* **Your goal**: Make a verbatim copy of the entries below; pictures stay out.
[[ Material provided, beginning ]]
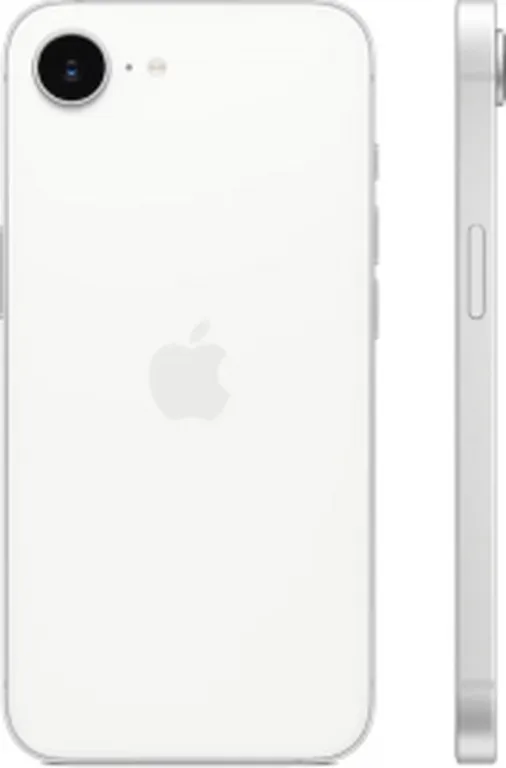 Смартфон Apple iPhone 16e, 512 ГБ, Белый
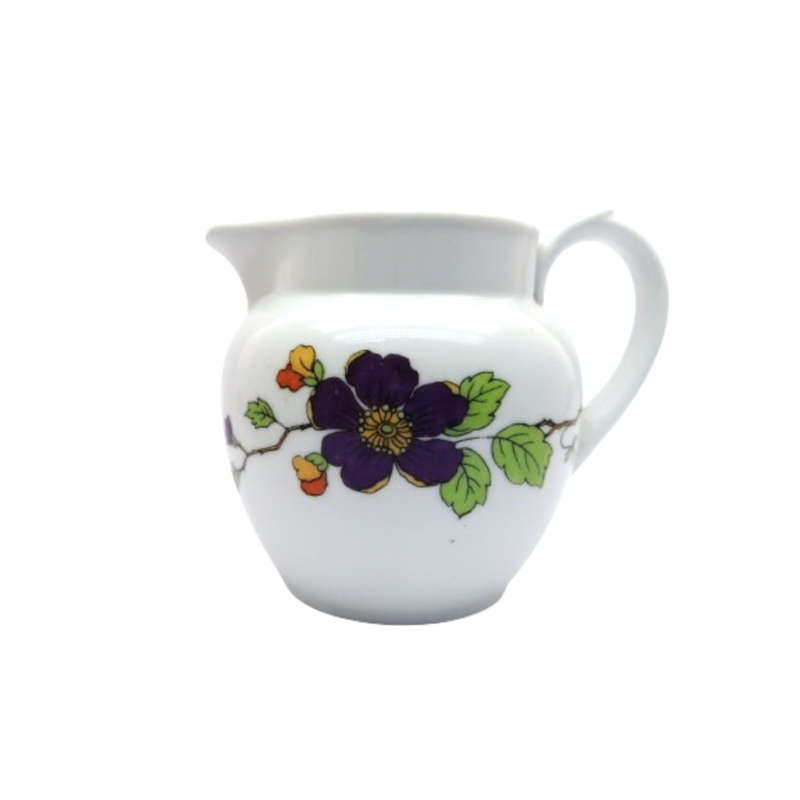 TK Thun Czechoslovakia Porcelain milk jug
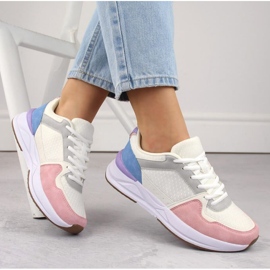 Atletico W ATC458A chaussures de sport, multicolores 1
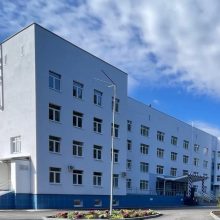 Кашель не проходит? В Первоуральске открылось новое отделение для диагностики заболеваний лёгких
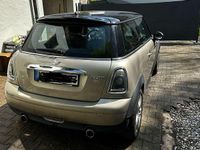 Usata Mini Cooper 122 CV (89 kW) 2006 Grigio Utilitaria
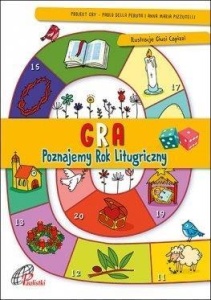GRA. POZNAJEMY ROK LITURGICZNY, PAULISTKI
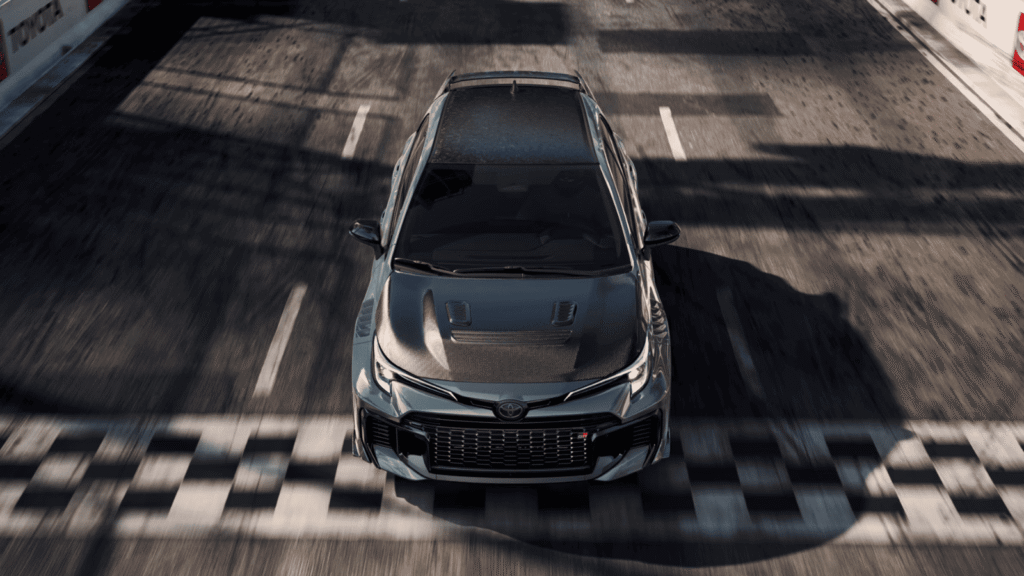 Toyota GR Corolla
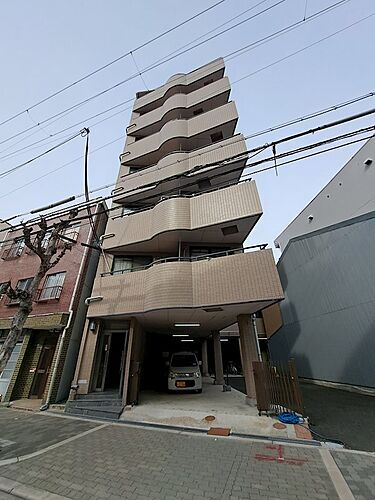 大阪府大阪市都島区中野町４丁目 賃貸マンション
[[ Material provided, end ]]
* **Your solution**:
 Смартфон Apple iPhone 16e, 512 ГБ, Белый
 TK Thun Czechoslovakia Porcelain milk jug
 Atletico W ATC458A chaussures de sport, multicolores 1
 Кашель не проходит? В Первоуральске открылось новое отделение для диагностики заболеваний лёгких
 Usata Mini Cooper 122 CV (89 kW) 2006 Grigio Utilitaria
GRA. POZNAJEMY ROK LITURGICZNY, PAULISTKI
 Toyota GR Corolla
 大阪府大阪市都島区中野町４丁目 賃貸マンション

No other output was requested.